Effective data teams are small, but there are a few things to consider. First of all: Who does what?
Maybe the biggest surprise in the trend to data analytics/data journalism is that once you understood how it is done and what you need is this: It is not expensive. Time consuming - yes. High investment - no.
As a result of many advances technologies, software, tools are within reach of any newsroom. This is quite a change: Instead of having to invest into a printing press, a satellite uplink, a radio tower, much of data-driven journalism is dependent on know-how, not capital. What you have to manage is people costs - for training, for the time needed to come up with compelling data projects.
Creating data desks
One big barrier to wider spreading of active data desks is some confusion about one question: How can we built a data team for our (small) newsroom? What kind of knowledge and qualities do we need to come up with powerful stories, interactive visuals and data-driven apps?
Roles in the data team
Here is a very basic set-up, with additional suggestions about competencies and workflows. Some explanation and explanations can be found below.
Journalist: Data journalism is not about asking questions to data. This is essential. If you don‘t have questions, the data will not answer. You will end up with a more colourful version of what the statistics office has published last year. So, the role of the journalist is to come up with project ideas. At the same time, she/he should be a good director of the process and understand - from experience or from talking to others who know - what it takes to get a data journalism project done.
Developer: Developers in data-driven journalism do not write complete applications nor do they maintain them, at least for the majority of projects. Instead, the goal is to tame the data: Collect information, clean, combine and transform it into usable chunks. Most of that is one off, meaning that the next dataset you work on is very different from the one before. So, the level of automation and re-use is lower, at least in the current stage of data-driven journalism.
There is one quality needed from developers working in data-journalism that is hard to find: The urge to tell a story. Often, at least from my experience, developers do not think like that. They care for code, for features, for maintainability and wish to avoid surprises. A coding surprise can take many forms: The application does not run. Or, even worse, the journalist all of sudden has very different demands, lot‘s of ideas for features, etc. Such approaches are signs of a journalist who does not think like a coder. And usually such behaviour turns coders off. It‘s like you started to build a small, but complete house - and all of sudden the project merges to become bigger, there are rooms to the building project, new doors, a garage - and, oh, the garden around it needs to taken care of. Software development is to a large part working into a black box. It takes time until you can see anything and considerable parts are often only joined in later stages. So, good management of features and the scope of the project are essential.

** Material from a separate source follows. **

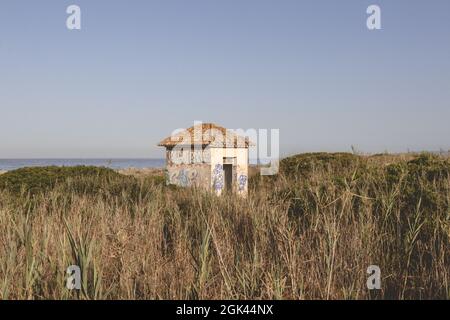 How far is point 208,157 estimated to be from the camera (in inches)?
553

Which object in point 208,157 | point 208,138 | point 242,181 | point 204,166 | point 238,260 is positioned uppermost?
point 208,138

The third person, that should be part of a data team is someone who can do magic to the look and feel. Colors, charts, layouts should be compelling, clear and usable. This is easier said than done. Outstanding design is important in data journalism to get from data to story. The best examples
out there rely on design for presenting the idea for the most part.
Focus and scope
In a good journalist/developer/designer team, the scope of a given project is the key to get it done. You can not do everything at once. Focus, keep the focus, finish the first step and only then move to the next. Plus, aim to communicate the specific scope of a project at any time - if you start small and then the project grows and grows, you might be heading for disaster.

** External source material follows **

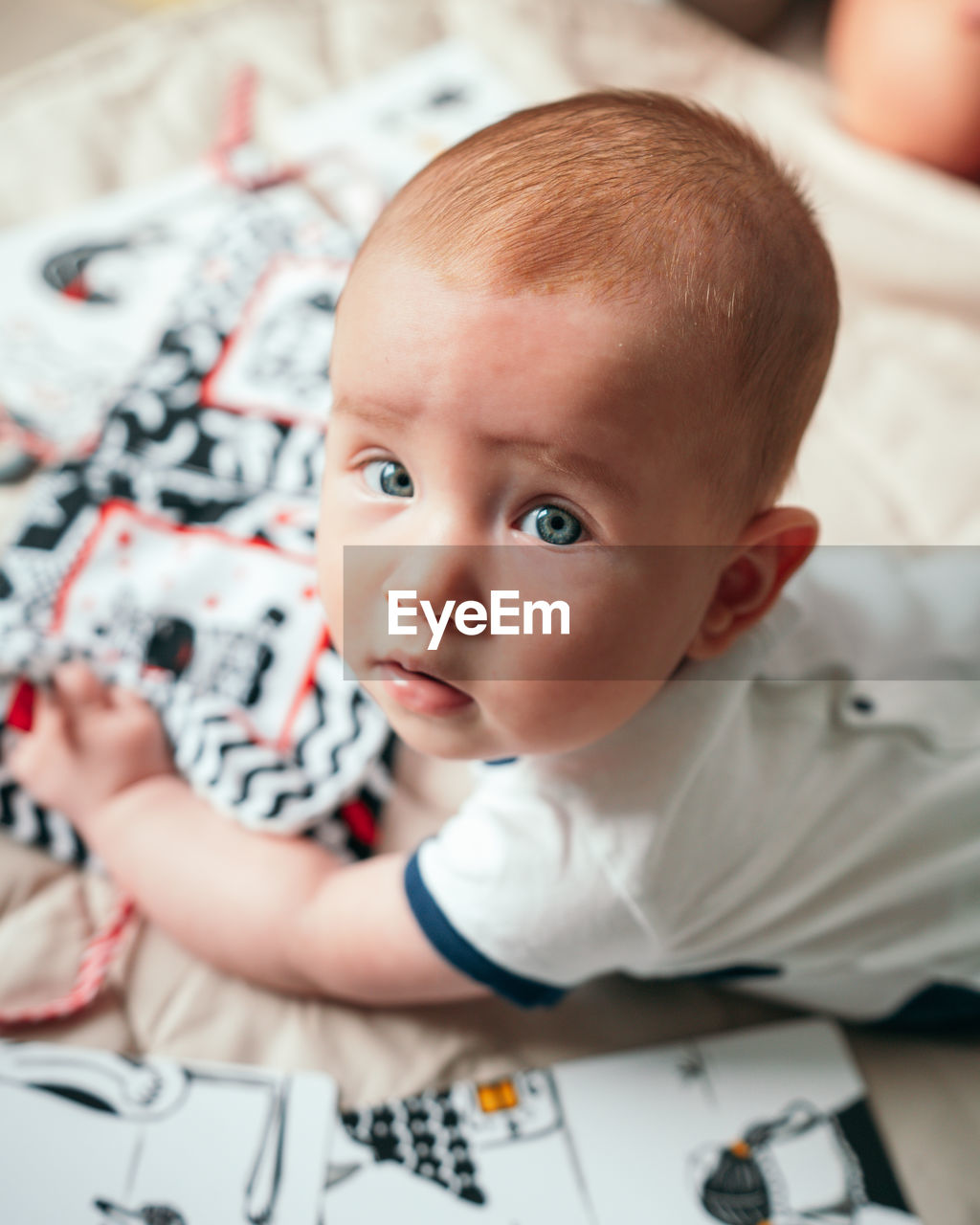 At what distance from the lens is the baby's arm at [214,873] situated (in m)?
0.59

One way to do this is by going step by step. First, you do a simple map with crimes commited in a region. No more than 100 data points. No fancy features. Publish that.
Next, you use a better map. More features. Filters. Timeline. 200 datapoints. Publish.
The point is that quite a few projects in data journalism can be re-used later. What you did on one topic might be very helpful for another. So, going step by step is the best way to explore that. Just avoid hoping to do big, big jumps. Go slow, move steady - this will get you results much more reliably than sudden sprints.
Type of projects
At last, it is important to have a good understanding of border lines, where one project moves from simple to very complex.
Below is a rough, overly simplifying table aiming to provide an overview of typical data-driven projects. If you talk about a project, try to decide whether it is a data story, a data interactive or a data app.
The table above is helpful to define the scope of projects: Is this something we can do today? Will we need a week or more for that? How could we come up with an automated, initially more complex data app?
A data story would be an article, that is based on a data visualization - most of the text will reference the data points that are interesting. So, this is very close to typical journalism work, with an added layer of data. These stories though can ver very strong and telling, if you found the right data and a good way to visualize the context in a simple chart.
Data interactives (there is no agreed name on this) would be bigger visualizations, overviews and analytics found often in the New York Times. There is a lot of work behind those and they are usually created by teams of two to four specialists, mixing know-how from journalism, design and coding in different degrees.
Finally, a class that is potentially the most promising area into the future, would be Data Apps. Here real-time data intake, automation, personalization, and lot‘s of other qualities can be added. They take more time, but provide a potential for future income from journalism, too.
What the table says as well is this: Yes, a typical data project takes more time than your typical article or report or video. But the usability of such projects - if they are good - is much higher and longer, too. This, by the way is a very important driver for future adoption of data-driven journalism in newsrooms.